• _Material provided_

----

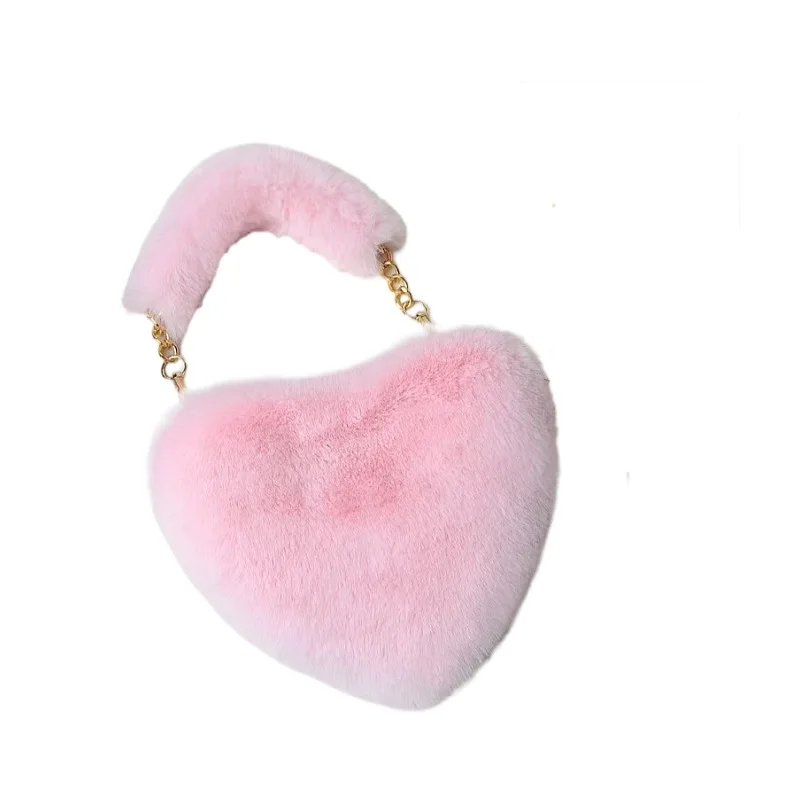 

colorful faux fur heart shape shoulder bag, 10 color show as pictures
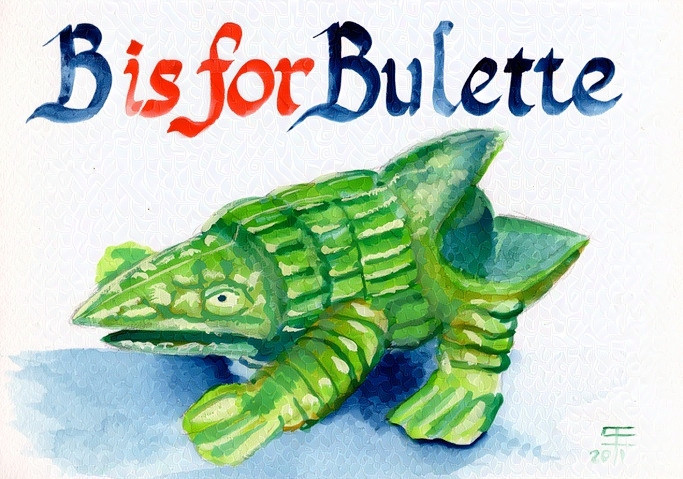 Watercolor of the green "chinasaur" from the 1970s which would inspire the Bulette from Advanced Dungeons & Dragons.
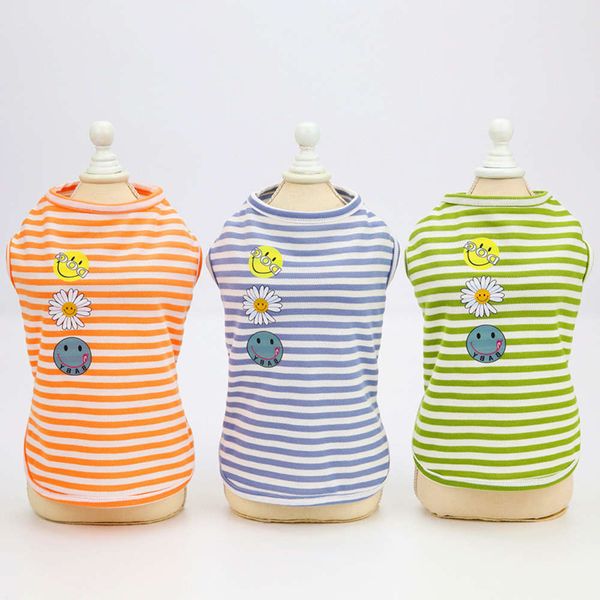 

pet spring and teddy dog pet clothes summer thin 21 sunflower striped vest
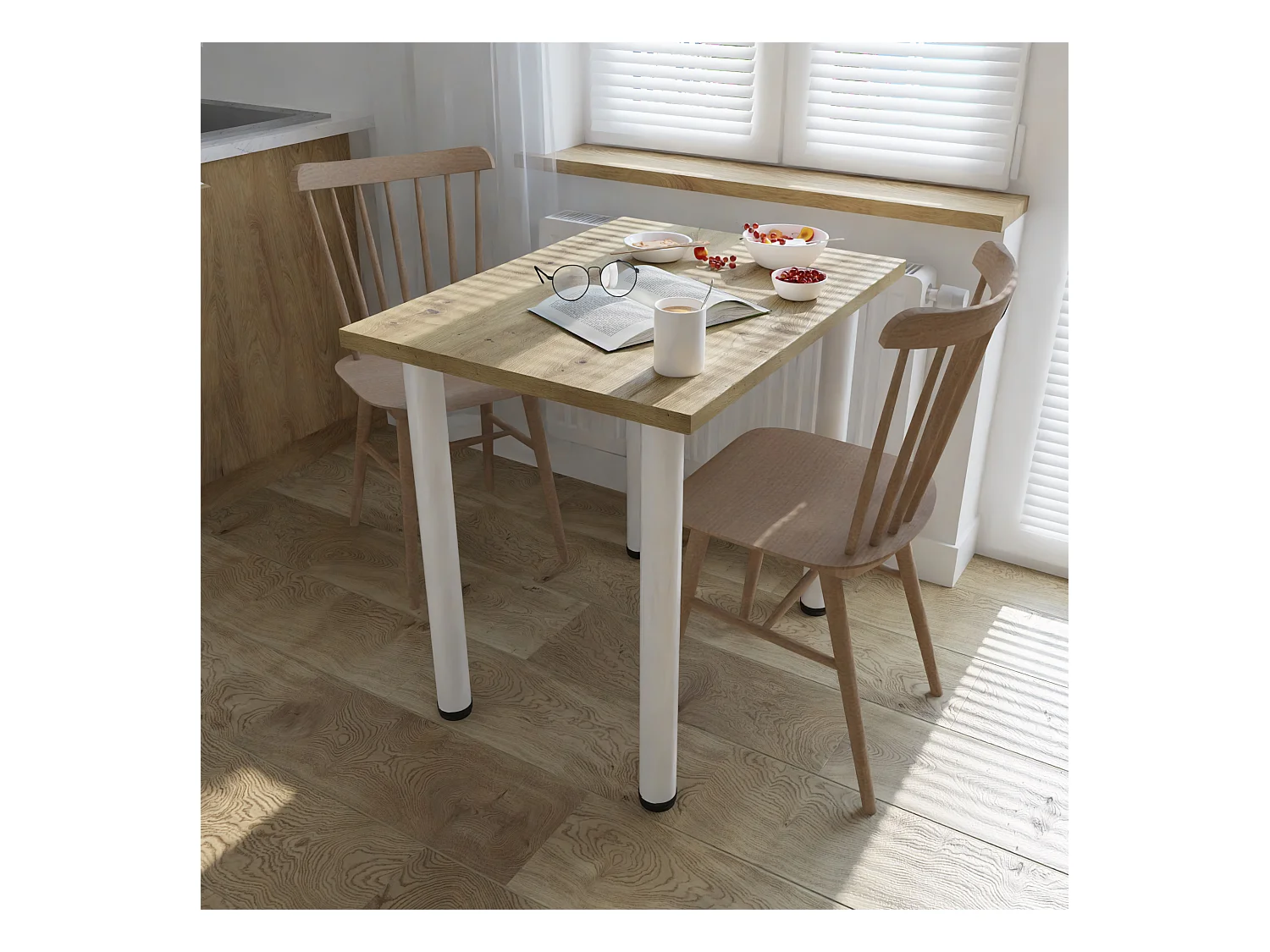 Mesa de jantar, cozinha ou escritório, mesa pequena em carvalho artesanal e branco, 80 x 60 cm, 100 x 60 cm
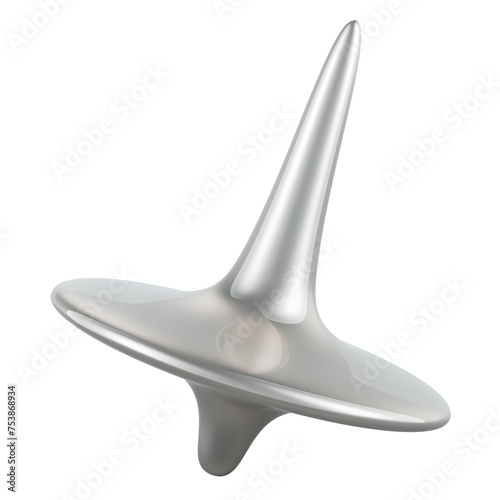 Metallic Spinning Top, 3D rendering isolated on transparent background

----

Your task is to quote exactly the lines from the one with "Watercolor of the" through the end of the material, both included, without reproducing any pictures.

 Watercolor of the green "chinasaur" from the 1970s which would inspire the Bulette from Advanced Dungeons & Dragons.

pet spring and teddy dog pet clothes summer thin 21 sunflower striped vest
 Mesa de jantar, cozinha ou escritório, mesa pequena em carvalho artesanal e branco, 80 x 60 cm, 100 x 60 cm
 Metallic Spinning Top, 3D rendering isolated on transparent background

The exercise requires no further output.